Related taxa: Often confused with Acacia implexa Benth. which can be distinguished by its glaucous branches, its phyllodes more attenuated at base and its funicle not encircling the seeds. A. implexa occurs in Qld, N.S.W., A.C.T., Vic., not S.Aust.

Taxonomic notes: Seed and phyllode variation in blackwood was studied intensively by Farrell & Ashton (1978). Phyllodes tend to be smaller and more symmetric in the drier-inland areas. The largest phyllodes were found in south-west Victoria (probably extending into the far southeast of South Australia). Some differences in seed size were found but were not clearly related to environmental conditions.

The role of fire was important in the ecology of the species which regenerates freely from soil-stored seed after fire or when the soil is exposed or disturbed. Some evidence was found that soil-stored seed is viable for at least 50 years.

The pods from northern populations (i.e. Qld) tend to be smaller and more convoluted. The late development of the phyllode of blackwood after the juvenile pinnate leaf phase is well known. Seedling populations from 17 sites but not including a South Australian sample were tested under uniform conditions. The onset of phyllode development after the juvenile phase ranged from 2 months to 7 months. Significant differences between populations were correlated with the wide range of climatic variables. Phyllodes were produced more rapidly on populations from drier sites, and the relative size of the bipinnate leaf was related to the site rainfall.

The cell structure and morphology of the phyllode of A. melanoxylon was studied by Boke (1940). The finer details are not relevant here. He concluded that Acacia phyllodes are homologous with the petiole-rachis of a pinnate leaf.

A. melanoxylon has been popular as an ornamental timber. The heartwood is attractively coloured, strong, close-grained, dresses well and is widely used for furniture and cabinet work. However trunks are often limited in size and supply as almost all the larger trees have now been removed. It also makes a good fuel.

Three mistletoes have been recorded on A. melanoxylon. There is a single record of Lysiana exocarpi and many more, but almost equal, numbers of Amyema preissii, wire-leaved mistletoe and Amyema pendulum, drooping mistletoe, more often found on Eucalyptus.

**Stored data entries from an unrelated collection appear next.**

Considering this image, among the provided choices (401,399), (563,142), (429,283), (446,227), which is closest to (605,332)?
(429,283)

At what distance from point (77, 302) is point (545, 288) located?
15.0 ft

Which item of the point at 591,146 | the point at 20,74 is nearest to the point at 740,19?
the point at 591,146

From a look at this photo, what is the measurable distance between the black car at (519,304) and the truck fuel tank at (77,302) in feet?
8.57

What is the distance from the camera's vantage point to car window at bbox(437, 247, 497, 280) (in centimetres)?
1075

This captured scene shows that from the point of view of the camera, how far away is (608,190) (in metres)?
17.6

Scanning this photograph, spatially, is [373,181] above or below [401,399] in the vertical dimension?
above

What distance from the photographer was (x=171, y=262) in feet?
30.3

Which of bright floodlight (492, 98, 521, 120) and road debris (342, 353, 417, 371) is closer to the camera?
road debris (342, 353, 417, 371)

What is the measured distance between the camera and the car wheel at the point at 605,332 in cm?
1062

A. melanoxylon has been very successful in South Africa, Ross (1975) where it is now established in several provinces. Like A. cyclops and A. saligna it is also invading and displacing indigenous vegetation. It is locally established in southern Europe and occasionally established in California. A. melanoxylon is now naturalised in New Zealand, Webb et al. (1988).

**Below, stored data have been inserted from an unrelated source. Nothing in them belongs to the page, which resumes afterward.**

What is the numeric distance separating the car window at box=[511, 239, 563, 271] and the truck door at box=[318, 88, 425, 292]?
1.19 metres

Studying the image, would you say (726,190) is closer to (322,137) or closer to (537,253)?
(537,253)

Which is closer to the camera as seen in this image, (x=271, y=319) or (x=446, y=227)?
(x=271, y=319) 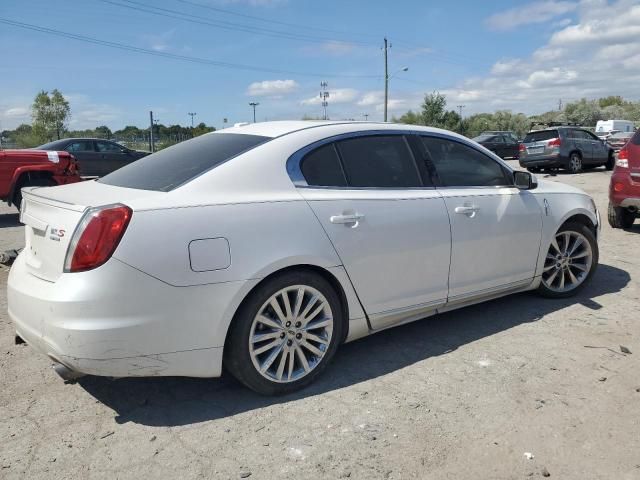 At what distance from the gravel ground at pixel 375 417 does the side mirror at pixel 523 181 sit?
3.85 feet

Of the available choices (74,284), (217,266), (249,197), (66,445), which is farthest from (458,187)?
(66,445)

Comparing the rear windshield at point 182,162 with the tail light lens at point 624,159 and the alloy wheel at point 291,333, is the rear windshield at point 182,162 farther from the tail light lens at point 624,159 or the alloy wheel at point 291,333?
the tail light lens at point 624,159

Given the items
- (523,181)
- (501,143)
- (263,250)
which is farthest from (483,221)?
(501,143)

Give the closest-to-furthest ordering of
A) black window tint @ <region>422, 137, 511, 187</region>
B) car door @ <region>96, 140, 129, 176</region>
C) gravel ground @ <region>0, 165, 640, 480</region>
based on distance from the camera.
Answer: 1. gravel ground @ <region>0, 165, 640, 480</region>
2. black window tint @ <region>422, 137, 511, 187</region>
3. car door @ <region>96, 140, 129, 176</region>

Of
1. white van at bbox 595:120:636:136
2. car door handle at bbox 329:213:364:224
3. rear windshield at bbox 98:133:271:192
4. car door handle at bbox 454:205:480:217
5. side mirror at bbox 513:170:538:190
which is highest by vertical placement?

A. melanoxylon is included in Boland et al. (1984) 'Forest Trees of Australia' where a description, illustration and a map are given.

Two trees of A. melanoxylon in cultivation in the Waite Arboretum lived for 30 and 32 years.

Cultivation: An attractive tree with a dense crown and shapely habit suitable as an ornamental and as a shade tree in cool mountainous climates where the soil is rich, loamy and acid. Blackwood has also been planted in a number of overseas countries. A moderate growth rate.